Мы с Лидусей никогда не ссорились. Ну, конечно, бывали размолвки, она раздражалась, но по пустякам. Думал я: много значила невозможность на ней жениться. Для женщины важно, для всякой, живет ли она в гражданском браке или законном. В законном браке у нее одна психология, в свободном – другая.
Лидуся не оставила своего мужа, он сам ее бросил. Был он плохой человек, и не любила она его, кажется, никогда.
Бросил, – она обрадовалась. Зажила приятно, тихо, – отдохнула. Средства у нее свои, хорошие. Мать – богатая, важная и злая старуха. Лидуся не поселилась с ней, а взяла квартиру рядом, на той же площадке. Перевезла туда свою голубовато-зеленую мебель (подарок матери), весело устроилась на свободе.

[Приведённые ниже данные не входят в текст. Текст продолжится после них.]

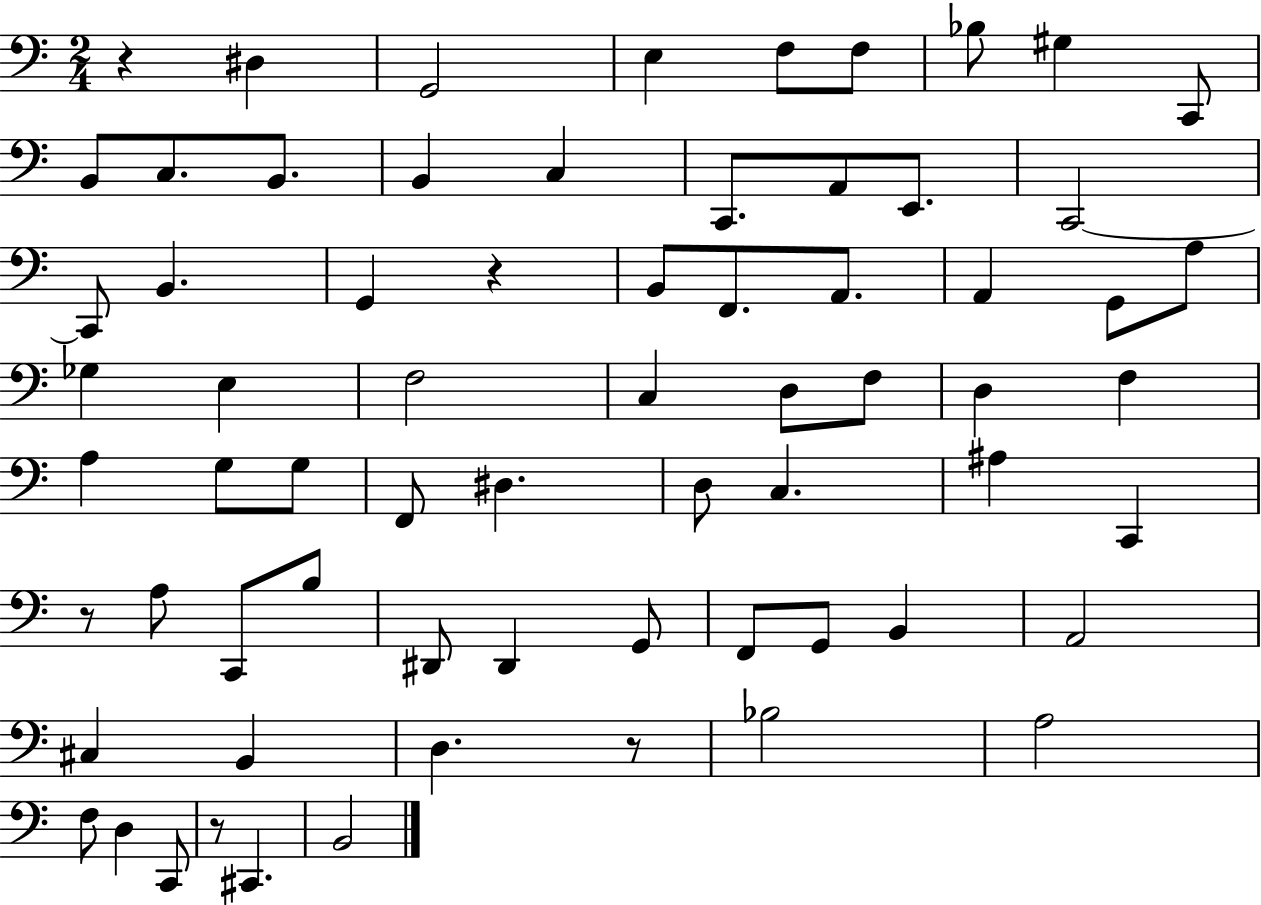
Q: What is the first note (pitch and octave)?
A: D#3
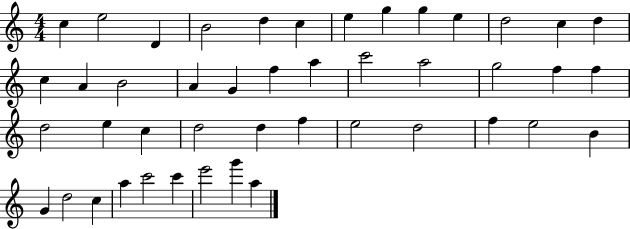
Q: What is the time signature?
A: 4/4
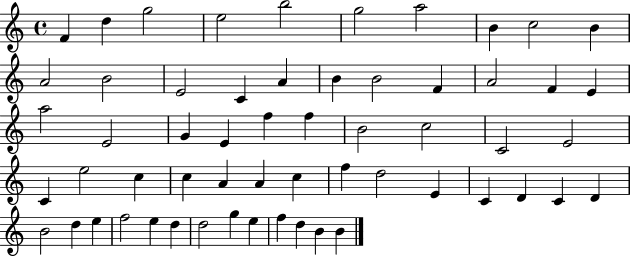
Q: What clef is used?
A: treble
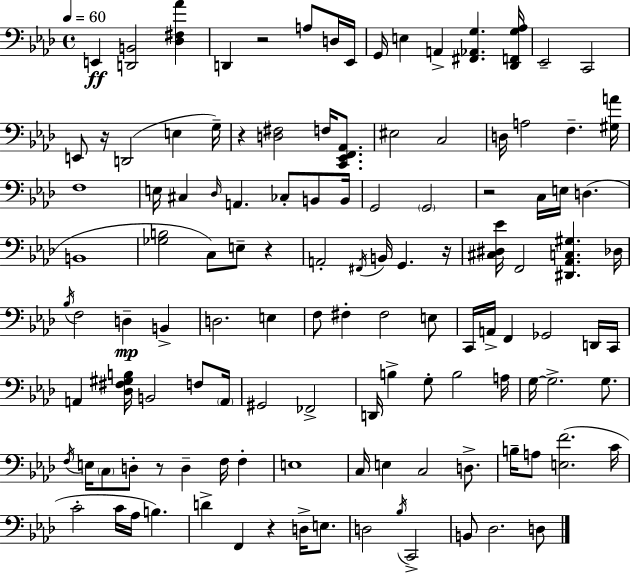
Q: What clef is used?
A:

Я познакомился с ней через ее брата, харьковского профессора, которого знал давно. Он приехал в Петербург, лекцию какую-то читал, на этой лекции я увидел Лидусю в первый раз. Она мне понравилась не сразу; красивая, но условная какая-то красота. Голубые глаза, выпуклые и, когда молчит, – похожи на стеклянные. Но вскоре я ее полюбил, и полюбил по-настоящему, навсегда, как любят: неизвестно за что, а просто.
Мне далеко за тридцать, я читаю лекции по психологии на разных курсах, живу тихо и одиноко с Наташей, моей девочкой. Я женился случайно, неудачно. Жена через год умерла, оставила мне Наташу. Когда я полюбил Лидусю – Наташе было лет пять.
Женщина любит детей всегда после мужа, после любовника, значит – всегда через него. Совсем чужих детей женщины редко любят.
Лидуся была сдержанна, я не смел сказать, что люблю, и не знал, что думать, пока не увидел, что она привязалась к моей Наташе. Девочка некрасивая, неприветливая, а Лидуся приходила ко мне для нее, искренно заботилась о ней, играла с ней, целовала.